La source de la réponse : concernant la raison de la mitsva de Bikour 'holim, nous avons trouvé dans la Guemara plusieurs raisons :
a. Afin que l’on s’éveille à demander miséricorde pour lui (comme il est expliqué dans Nedarim 40 et dans Yoré Déa, siman 335, que s’il n’a pas demandé miséricorde, il n’a pas accompli la mitsva).
b. Afin que l’on s’occupe des besoins du malade et que l’on veille à eux (comme il est expliqué dans Nedarim là-bas, que Rabbi Akiva a permis à l’élève de vivre en pourvoyant à ses besoins).
c. Car, par la visite, on prend un soixantième de sa maladie ou de sa peine, s’il est son ben guilo (Nedarim 39b ; Bava Metzia 30a).
d.

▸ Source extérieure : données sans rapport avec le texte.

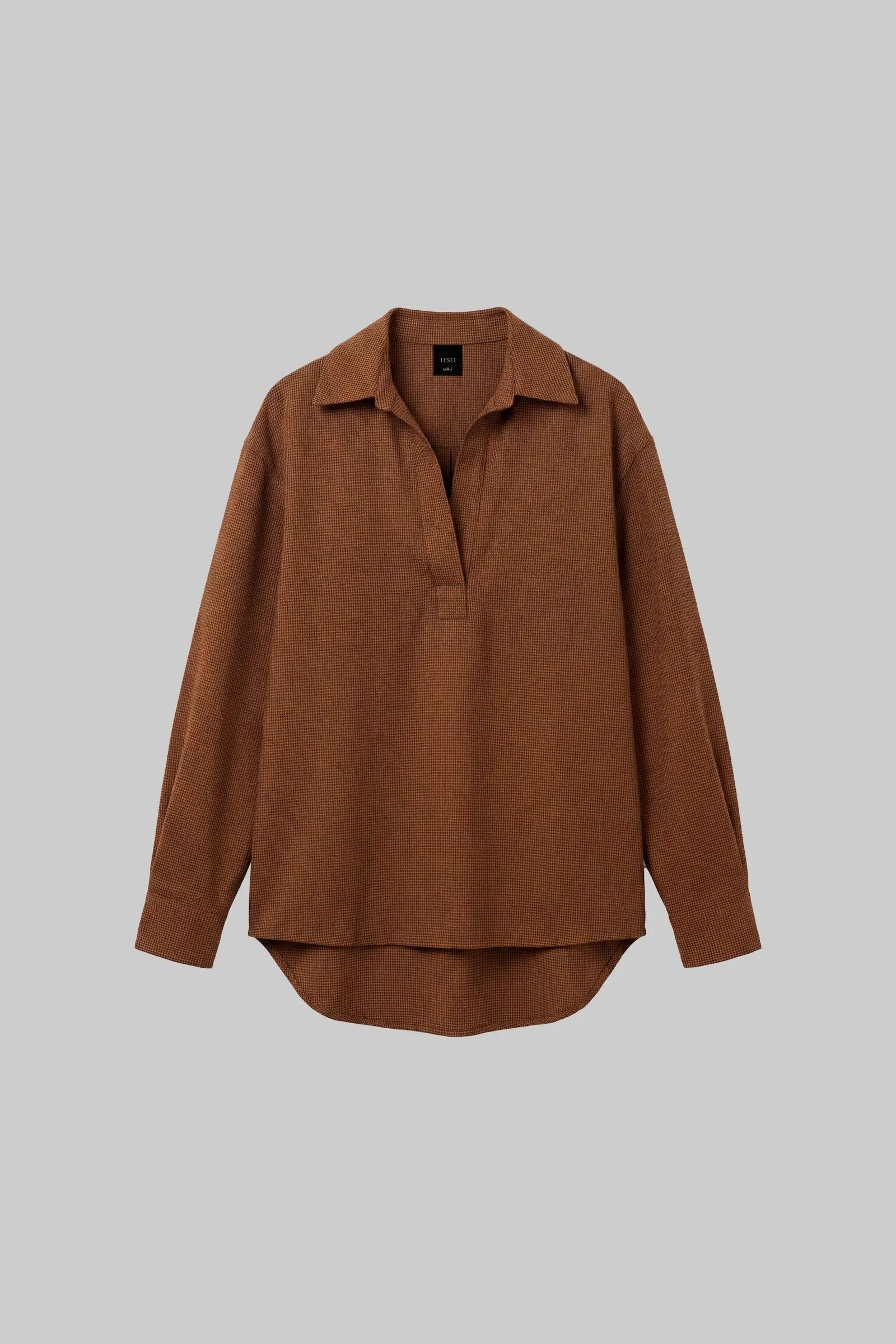 Maya Pullover Shirt-2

Car, par la visite, on procure de la satisfaction au malade (comme il est expliqué dans le Ramban, dans Torat Haadam, Chaar Hamei'houch, lettre 6 ; ses paroles sont rapportées dans le Beit Yossef, siman 335, en plus des raisons a-b mentionnées ci-dessus, et cela est également expliqué dans le commentaire du Rosh sur la Torah rapporté plus loin).

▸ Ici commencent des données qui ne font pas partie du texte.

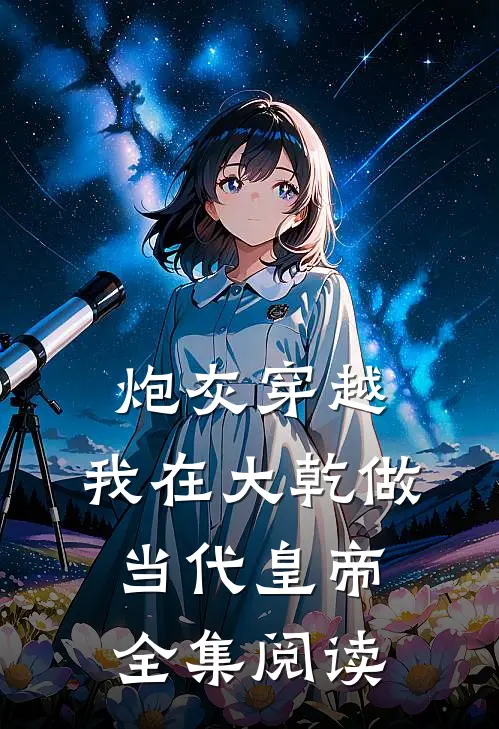 炮灰穿越，我在大乾做当代皇帝全集阅读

Or, par une « visite » au moyen du téléphone, on ne prend pas un soixantième de sa maladie. De même, il faut examiner si, lors d’une visite par téléphone, on s’éveillera également à demander miséricorde pour lui, ou peut-être cela n’est-il vrai que lorsqu’on lui rend réellement visite et que l’on voit son état, ce qui amène à prier avec davantage de kavana. De même, il faut examiner si l’on ne se souciera des besoins du malade précisément que lorsqu’on se trouve réellement avec lui [même si, par téléphone aussi, on peut savoir et s’occuper d’une partie de ce qui est nécessaire], comme cela est expliqué dans la formulation du Tour (siman 335) : « du fait qu’il le voit, il examine sa situation pour savoir s’il aura besoin de quelque chose, il s’efforce de le lui procurer, et il fait en sorte que l’on nettoie et arrose devant lui », fin de citation [et l’on peut repousser la preuve tirée de la formulation du Tour].
Mais il semble que, dans tous les cas, lorsqu’il ne peut pas rendre visite au malade et qu’il n’accomplit pas la mitsva de Bikour 'holim, il doit l’appeler afin d’accomplir au moins la mitsva de Guemilout 'hassadim.
Au nom de toute l’équipe du site Cheilot, nous vous souhaitons un Chabbat chalom béni.